Ja genau. :) Ich meine den Shiro den ich immer zeichne . XD bin noch nicht ganz zufrieden mit der Frisur und überlege ihn dünner zu machen obwohl ich immer wollte dass er so muskulös ist... Hmmgr...
Shiro hat am meisten schon Wandlungen durch v_v xD
Auf dem Cover für Teil zwei trägt er ja auch wieder andere Kleidung... Da wo Yuki auf ihm sitzt auf dem Thron ... XD
Hach... Ich bin mir unschlüssig ... XD
Er sollte Mal einen Mantel tragen. Aber er ist ja eigentlich so ein.. hmh.. ich würde sagen grober Typ. Ein Mantel würde zu smooth sein... XD und dann habe ich an Handschuhe gedacht.. das ist Oke... Dann sieht er nicht so nackt aus :D
Freue mich wieder von dir zu hören wenn du weiter liest. :)
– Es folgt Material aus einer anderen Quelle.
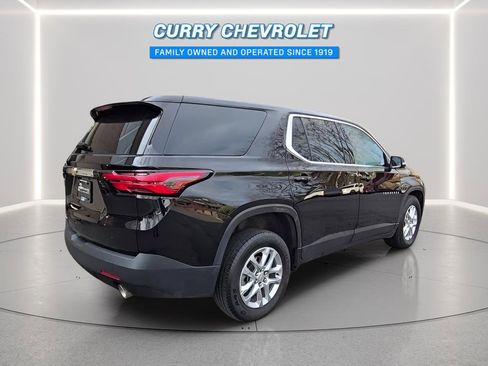 Used 2023 Chevrolet Traverse LS w/ Safety Package image 19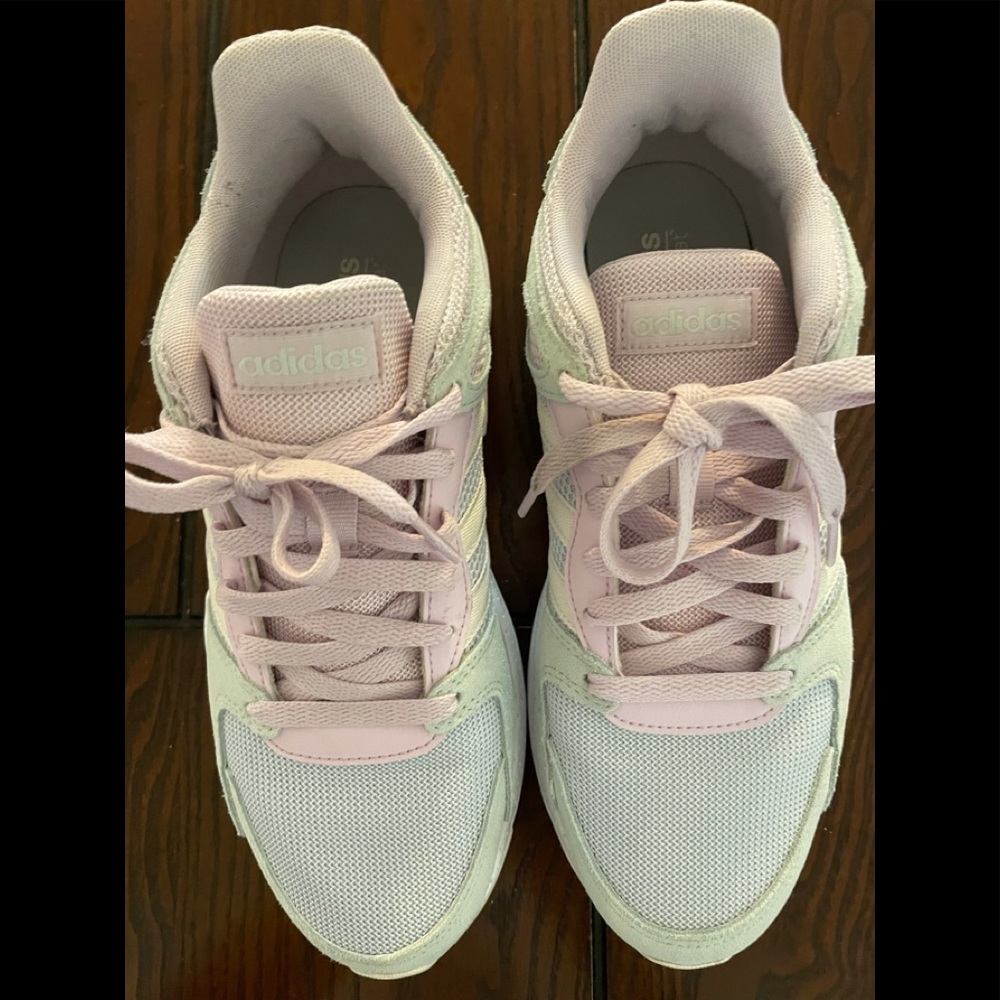 Women’s Adidas shoes size 8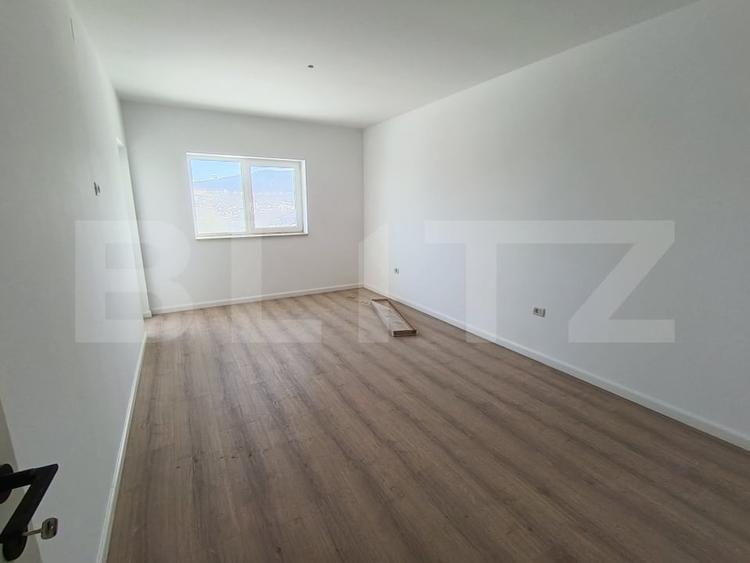 Apartament cu 4 camere semidecomandat în Exterior Sud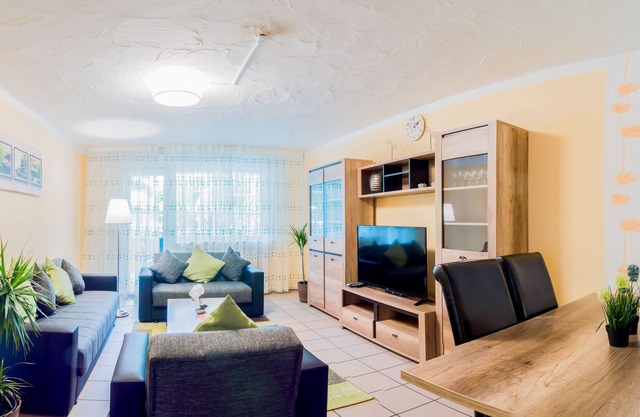 85 sqm apartment with large balcony on the 1st Upstairs - cheap accommodation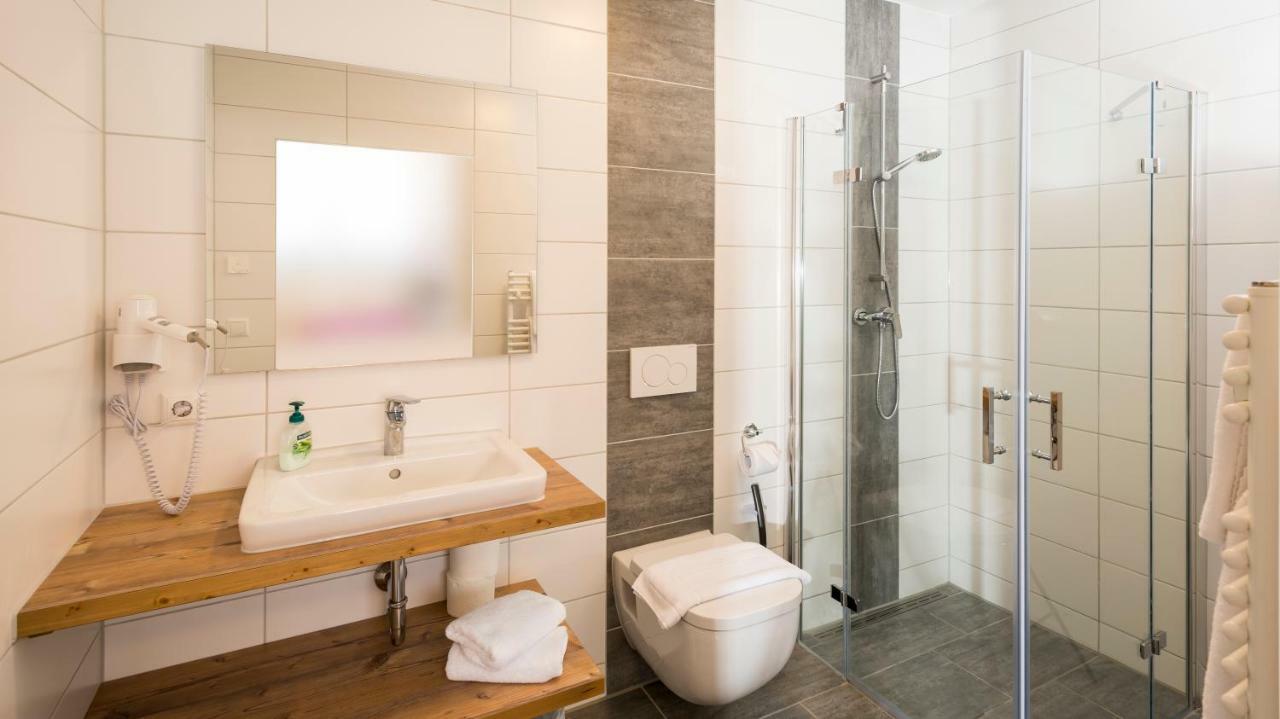 Landhotel Zum Adler Oberbechingen Luaran gambar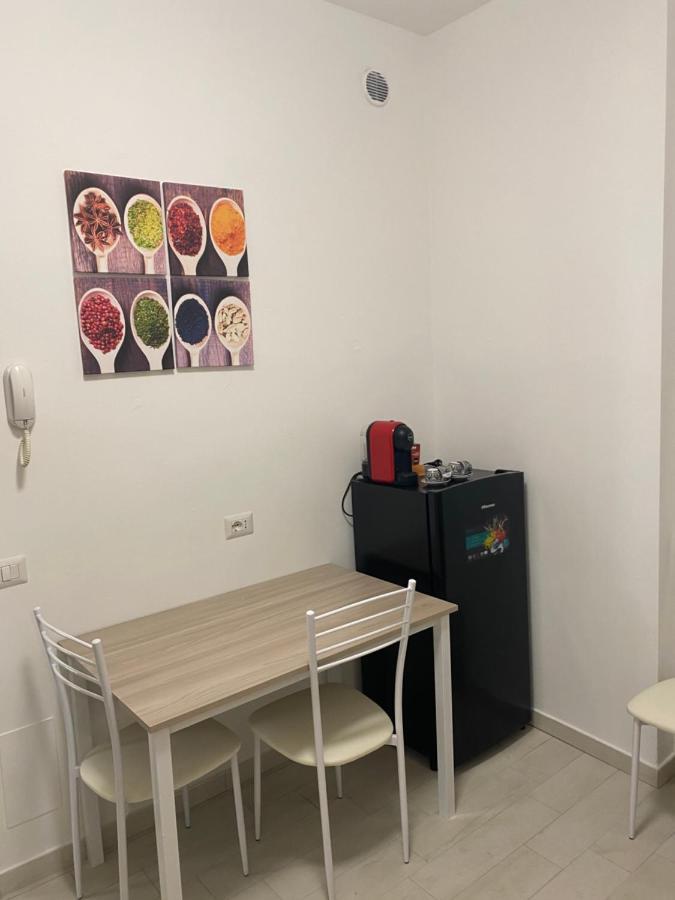 Senza Pensieri Via 4 Novembre/Via Diaz Apartment Крема Екстериор снимка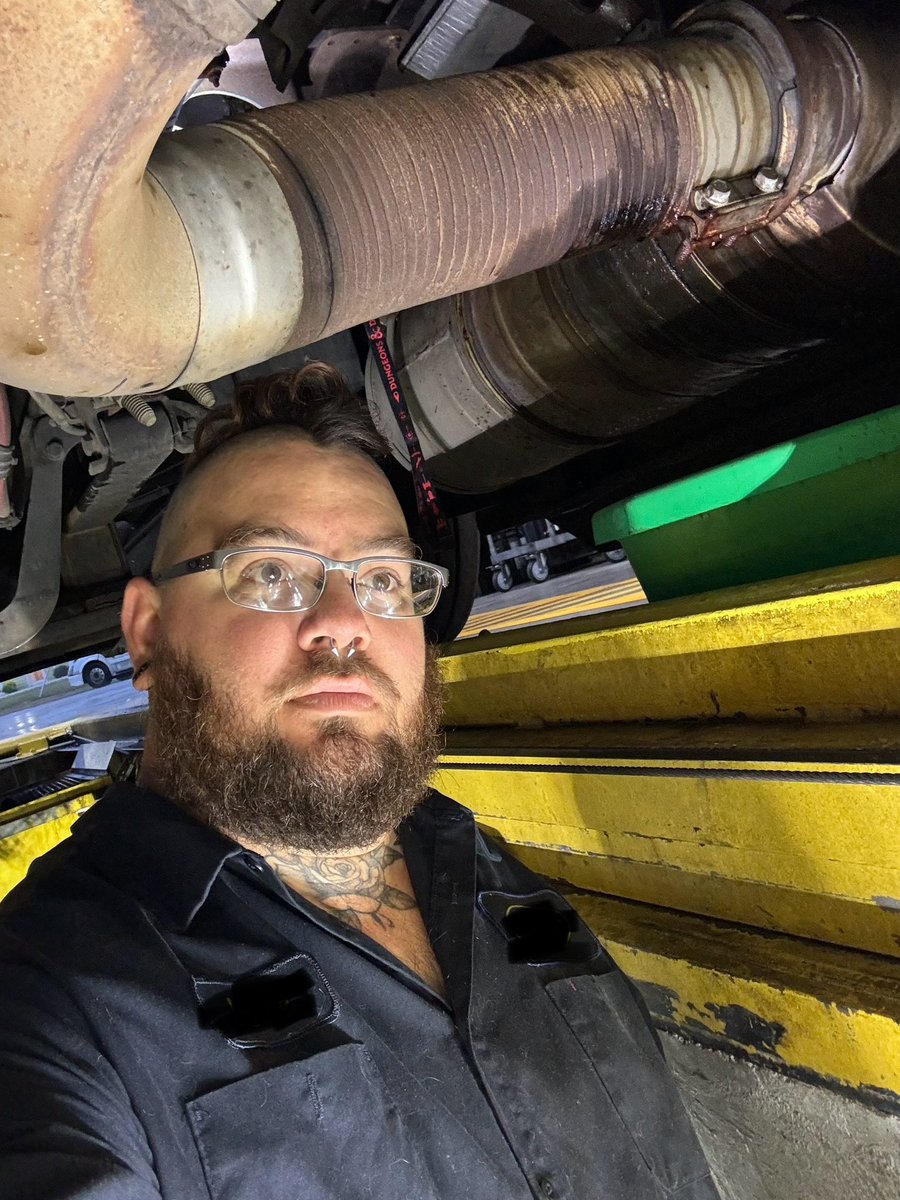 lancek1979's tweet photo. Yay coolant leaks https://t.co/PU3kEmEnaN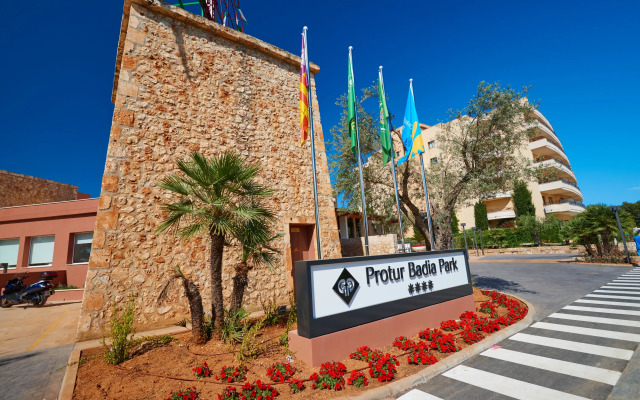 Protur Badia Park Aparthotel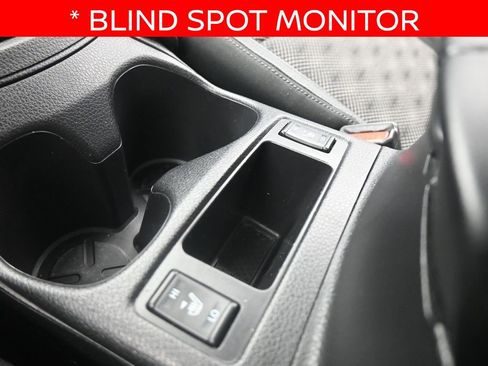 Used 2022 Nissan Rogue Sport SV w/ Technology Package image 17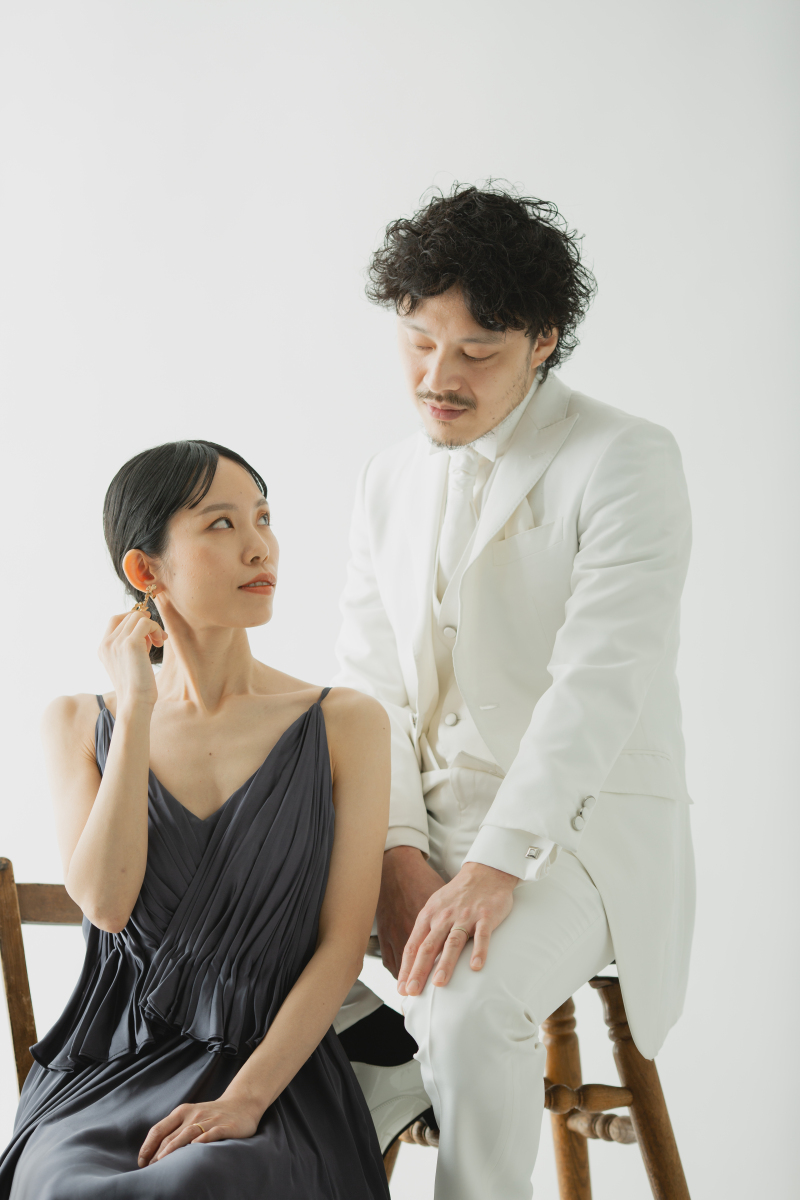 見つめ合う新郎新婦様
Ich bin auch auf fanfiktion unterwegs... Da schreibt mir kaum einer.. :( obwohl ich am Tag 20 neue Klicks habe und 70 Favoriten Einträge... Aber irgendwie... Schreibt mir keiner was... Nicht Mal Verbesserungen oder so... X_x dabei gebe ich mir so Mühe für die Leser...
Darum freut mich das umso mehr wenn. Ich ein Kommentar bekomme. :) Dann habe ich auch wieder Lust weiter zu schreiben :)
Antwort von:  luna4604
27.02.2019 20:17
Also ich finde sie lassen sich gut lesen ^^.
Ich bin zwar noch nicht fertig mit Kapitel 4, da es so lang ist, man kommt aber gut durch.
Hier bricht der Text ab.